SOURCE DATA >>

========================================

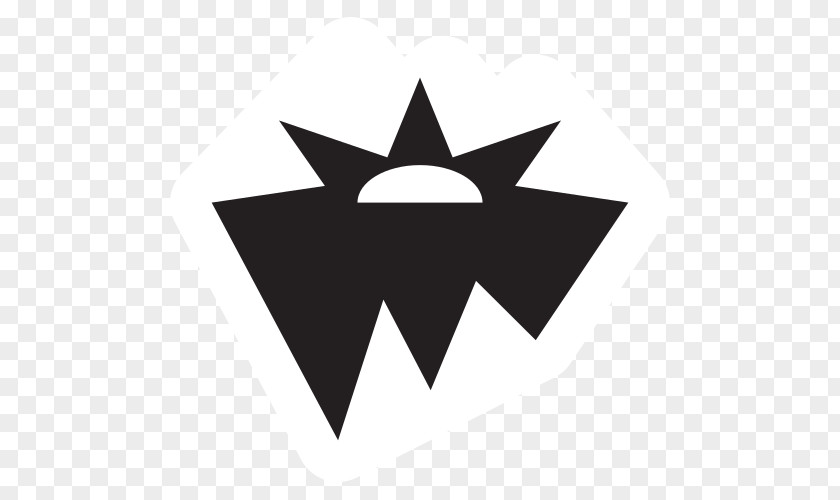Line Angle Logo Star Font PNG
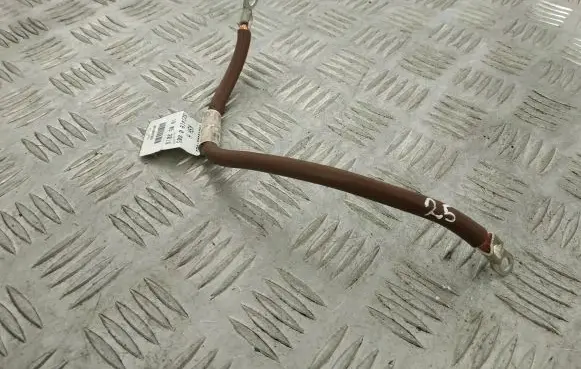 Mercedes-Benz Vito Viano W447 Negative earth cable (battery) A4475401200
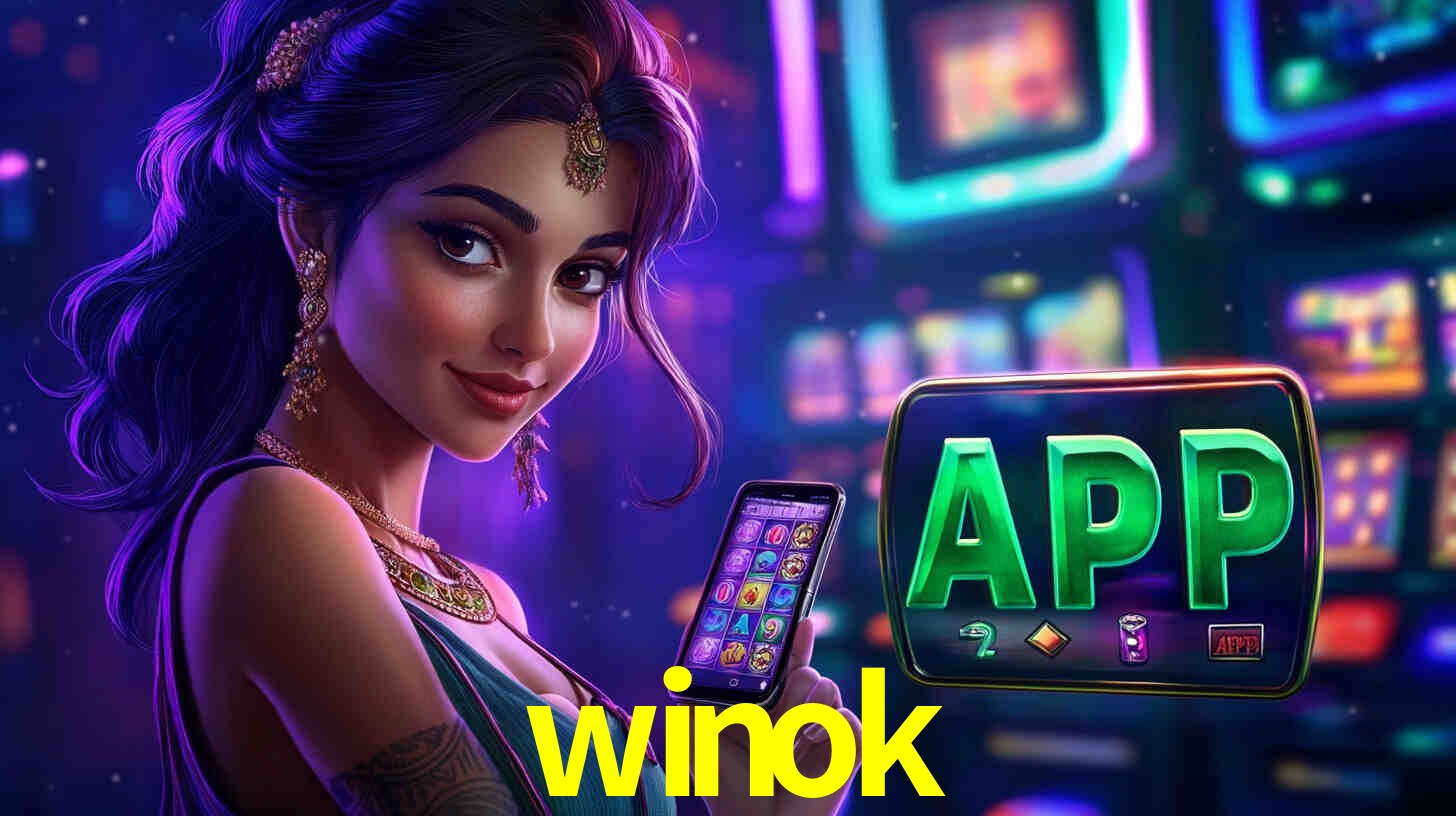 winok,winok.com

========================================

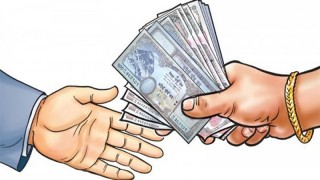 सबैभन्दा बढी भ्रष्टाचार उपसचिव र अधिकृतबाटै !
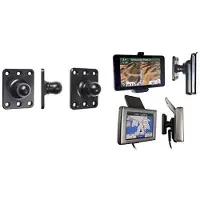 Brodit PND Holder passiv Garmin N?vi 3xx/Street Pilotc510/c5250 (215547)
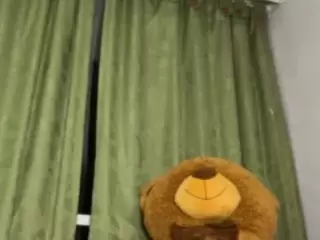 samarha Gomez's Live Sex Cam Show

========================================

EXERCISE PROMPT >> In the listing above, find the line containing "Line Angle Logo Star Font PNG" and the line containing "winok,winok.com", then print exactly those two lines and every line between them, minus the pictures.

OUTPUT >>
Line Angle Logo Star Font PNG
 Mercedes-Benz Vito Viano W447 Negative earth cable (battery) A4475401200
 winok,winok.com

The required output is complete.